Exercise goal
Output only the lines from the start of the entries through the line holding "Geweven UV-armbandjes glow in the dark". Each line must match the original exactly.

Data for this task

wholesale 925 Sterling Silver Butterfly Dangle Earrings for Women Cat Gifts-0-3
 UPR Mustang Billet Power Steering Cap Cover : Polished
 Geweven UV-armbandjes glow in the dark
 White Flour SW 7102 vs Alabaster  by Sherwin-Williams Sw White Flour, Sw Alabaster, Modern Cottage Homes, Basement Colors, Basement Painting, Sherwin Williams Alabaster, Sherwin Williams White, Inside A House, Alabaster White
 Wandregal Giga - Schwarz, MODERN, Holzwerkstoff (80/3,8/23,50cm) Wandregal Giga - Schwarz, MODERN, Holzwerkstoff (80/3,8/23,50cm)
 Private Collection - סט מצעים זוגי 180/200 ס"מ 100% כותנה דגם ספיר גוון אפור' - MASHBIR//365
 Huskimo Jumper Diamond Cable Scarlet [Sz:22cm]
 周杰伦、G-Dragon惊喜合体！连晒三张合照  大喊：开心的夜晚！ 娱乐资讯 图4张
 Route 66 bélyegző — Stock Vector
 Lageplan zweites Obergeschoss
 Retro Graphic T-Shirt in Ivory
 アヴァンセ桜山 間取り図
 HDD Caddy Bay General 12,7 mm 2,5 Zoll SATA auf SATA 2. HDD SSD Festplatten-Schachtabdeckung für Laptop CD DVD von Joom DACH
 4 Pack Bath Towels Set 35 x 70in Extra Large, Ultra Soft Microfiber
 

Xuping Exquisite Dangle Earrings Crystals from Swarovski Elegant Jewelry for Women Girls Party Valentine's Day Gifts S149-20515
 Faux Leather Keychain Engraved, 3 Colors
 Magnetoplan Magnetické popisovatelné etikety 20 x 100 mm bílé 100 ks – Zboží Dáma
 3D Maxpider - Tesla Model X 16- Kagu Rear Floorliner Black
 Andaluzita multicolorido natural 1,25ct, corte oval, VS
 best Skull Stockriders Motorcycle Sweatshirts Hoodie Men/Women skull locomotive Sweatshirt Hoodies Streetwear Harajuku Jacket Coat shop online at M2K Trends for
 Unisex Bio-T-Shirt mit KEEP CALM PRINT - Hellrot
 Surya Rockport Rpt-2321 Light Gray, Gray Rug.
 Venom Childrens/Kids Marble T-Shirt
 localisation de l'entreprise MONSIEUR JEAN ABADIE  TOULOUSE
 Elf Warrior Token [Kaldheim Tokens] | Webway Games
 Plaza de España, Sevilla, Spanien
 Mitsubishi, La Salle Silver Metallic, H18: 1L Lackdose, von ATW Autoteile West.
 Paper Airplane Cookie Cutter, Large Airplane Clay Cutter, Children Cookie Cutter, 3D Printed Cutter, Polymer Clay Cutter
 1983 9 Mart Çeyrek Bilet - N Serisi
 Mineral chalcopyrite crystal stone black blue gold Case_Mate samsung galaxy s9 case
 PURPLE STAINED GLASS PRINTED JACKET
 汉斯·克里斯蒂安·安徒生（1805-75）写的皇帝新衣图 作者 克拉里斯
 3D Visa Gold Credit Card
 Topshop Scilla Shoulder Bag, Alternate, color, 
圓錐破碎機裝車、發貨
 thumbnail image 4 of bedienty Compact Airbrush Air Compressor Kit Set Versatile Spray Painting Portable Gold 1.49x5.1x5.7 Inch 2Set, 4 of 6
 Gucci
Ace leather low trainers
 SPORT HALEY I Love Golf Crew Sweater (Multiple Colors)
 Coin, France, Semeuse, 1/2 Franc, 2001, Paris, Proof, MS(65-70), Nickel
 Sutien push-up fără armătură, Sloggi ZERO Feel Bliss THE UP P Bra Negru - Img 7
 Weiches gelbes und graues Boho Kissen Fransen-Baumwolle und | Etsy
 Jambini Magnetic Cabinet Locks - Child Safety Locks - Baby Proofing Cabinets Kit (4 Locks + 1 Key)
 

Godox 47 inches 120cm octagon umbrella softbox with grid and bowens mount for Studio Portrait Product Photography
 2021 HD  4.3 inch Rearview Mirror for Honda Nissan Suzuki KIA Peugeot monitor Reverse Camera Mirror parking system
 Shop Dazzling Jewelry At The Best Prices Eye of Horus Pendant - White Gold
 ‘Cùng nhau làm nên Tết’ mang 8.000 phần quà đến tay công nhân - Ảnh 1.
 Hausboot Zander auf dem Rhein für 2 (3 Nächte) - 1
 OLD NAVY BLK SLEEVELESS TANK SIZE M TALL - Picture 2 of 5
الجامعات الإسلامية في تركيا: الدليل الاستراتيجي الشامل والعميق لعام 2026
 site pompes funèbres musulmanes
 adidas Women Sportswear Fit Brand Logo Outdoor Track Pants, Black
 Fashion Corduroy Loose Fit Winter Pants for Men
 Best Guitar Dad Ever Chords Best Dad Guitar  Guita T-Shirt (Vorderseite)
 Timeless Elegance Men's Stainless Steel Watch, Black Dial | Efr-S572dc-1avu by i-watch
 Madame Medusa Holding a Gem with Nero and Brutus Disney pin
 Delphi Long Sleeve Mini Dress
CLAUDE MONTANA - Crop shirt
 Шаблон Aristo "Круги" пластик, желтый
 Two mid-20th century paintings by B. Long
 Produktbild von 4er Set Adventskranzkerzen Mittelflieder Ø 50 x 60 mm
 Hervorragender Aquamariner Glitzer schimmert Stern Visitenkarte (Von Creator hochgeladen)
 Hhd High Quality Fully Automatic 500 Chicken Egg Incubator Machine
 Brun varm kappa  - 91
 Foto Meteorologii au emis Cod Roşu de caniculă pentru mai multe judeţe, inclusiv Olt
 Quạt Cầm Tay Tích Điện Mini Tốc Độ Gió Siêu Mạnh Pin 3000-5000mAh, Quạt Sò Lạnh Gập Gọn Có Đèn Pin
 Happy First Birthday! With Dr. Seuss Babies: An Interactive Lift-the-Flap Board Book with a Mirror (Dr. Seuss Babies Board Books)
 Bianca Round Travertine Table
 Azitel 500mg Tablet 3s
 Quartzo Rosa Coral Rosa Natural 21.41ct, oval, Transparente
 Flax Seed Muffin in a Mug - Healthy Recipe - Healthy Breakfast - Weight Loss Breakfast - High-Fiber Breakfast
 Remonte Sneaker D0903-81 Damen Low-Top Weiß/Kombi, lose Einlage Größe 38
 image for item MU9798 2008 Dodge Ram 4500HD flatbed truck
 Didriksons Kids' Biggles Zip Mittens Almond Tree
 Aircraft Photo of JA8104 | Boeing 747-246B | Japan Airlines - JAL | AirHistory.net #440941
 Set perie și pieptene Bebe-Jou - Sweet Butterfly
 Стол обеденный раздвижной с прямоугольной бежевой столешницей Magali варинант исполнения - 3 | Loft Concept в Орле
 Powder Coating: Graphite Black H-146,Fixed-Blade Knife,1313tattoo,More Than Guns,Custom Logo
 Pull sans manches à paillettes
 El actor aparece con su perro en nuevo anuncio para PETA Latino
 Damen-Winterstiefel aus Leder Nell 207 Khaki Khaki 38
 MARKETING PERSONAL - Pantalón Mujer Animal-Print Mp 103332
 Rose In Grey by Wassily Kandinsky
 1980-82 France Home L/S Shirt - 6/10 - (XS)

Solution below
wholesale 925 Sterling Silver Butterfly Dangle Earrings for Women Cat Gifts-0-3
 UPR Mustang Billet Power Steering Cap Cover : Polished
 Geweven UV-armbandjes glow in the dark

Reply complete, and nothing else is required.